We were now looking in the right place, but most calls to do_syscall_64
were reasonably fast, so we used the data to generate a flame graph to better understand the scale of the problem. It provided rather convincing evidence to support our belief that there was an issue with our newer kernel:
The server was performing minimum work; the CPU core was busy acquiring a spinlock for about 1/3 of the available time. As we had established that the proportion of 'wasted' time grew as the problem worsened, we could now explain this behaviour as increased contention as threads become more likely to vie for the shared resource.
We now knew that we were putting effort into the right place and went back to the analysis of the kernel trace. We were relieved when we tied the problem behaviour ultimately to calls to security_socket_sendmsg
, which in turn calls apparmor_socket_sendmsg
.
Resolution
Finding the change
AppArmor is a Mandatory Access Control (MAC) system that provides fine-grained access rights to resources within the kernel. Like sandboxing, it can limit what an application can and can not do on the server.
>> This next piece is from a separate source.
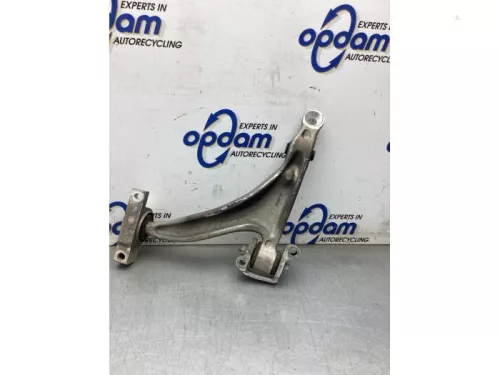 Draagarm onder rechts-voor-8173226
This Linux feature is handy when running untrusted programs and is used on our customer web servers. However, it does not achieve much on our proxies that only run our proprietary software, where we are in a position to use coarser mechanisms to provide privilege separation and security. It left us with the straightforward option of removing AppArmor from the affected machines as it consists of kernel features which are enabled from some userland programs.
The removal was first performed on one server at approx 12:50 on Thursday, 14th October. We removed the Linux AppArmor package from the machine and rebooted the server. We then migrated some customer traffic to the machine and noted no sign of increased latency. Another maintenance was therefore scheduled for the evening to roll this change out across all servers in the cluster.
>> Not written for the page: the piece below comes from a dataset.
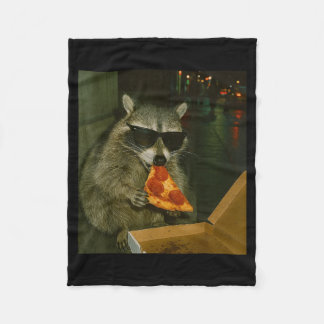 Cobertor De Velo Funny Raccoon Eating Zza Animal Meme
While we have not yet conclusively linked the periods of severe latency to the persistent issues that were the focus of our investigation, CPU usage has remained stable since this maintenance, and we have detected no further anomalous latency. The below CPU-usage graph shows that the previously struggling server is now able to handle the same level of traffic with much-reduced CPU usage:
(NB: the periodic spikes in CPU usage are expected behaviour caused by memory garbage collection within our proxy process and do not contribute to latency.)
We also see in our flame graph that there's no longer any sign of the CPU wasting cycles in a spin lock:
Detection
The instant we confirmed that disabling AppArmor appeared to fix the issue, team members were on hand to tell us that the package provided the affected code had last been updated by our Linux vendor as part of their security updates on the 31st of August 2022.
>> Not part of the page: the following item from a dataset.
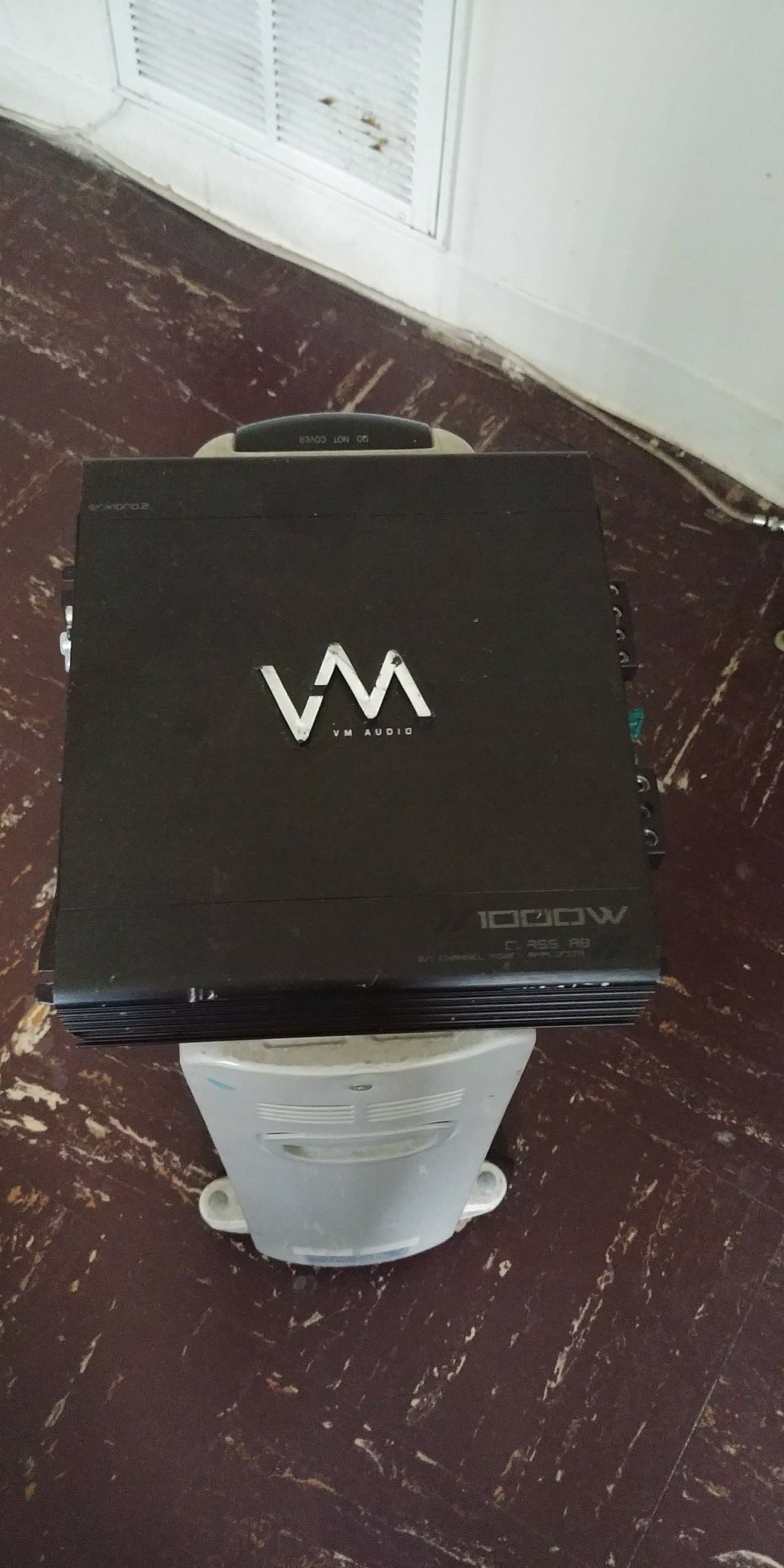 VM AUDIO 2/1 amplifier 1000 watts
It was initially confusing since there was no sign of the issue for weeks when the school year started. As the behaviour changes on servers after a reboot, and since the contention seems to only occur once the level of traffic saturates the CPU, it wasn't clear from our monitoring that affected machines had recently been rebooted. We only reboot the machine to apply kernel when the update fixes security issues and not generic problems, as our proxies have to run for long periods with no downtime.
Looking Forward
We have monitoring in place to track the running version of our own software, but this doesn't yet extend to tracking the running kernel version or the versions of any modules that may impact us.
We will update our operating procedure to track our active cluster members' kernel version and machine uptime. From now on, we should be able to identify better when changes have delayed consequences more easily.
And following this work, our new tool will continue to evolve and help us gather more data from our cluster of SurfProtect servers.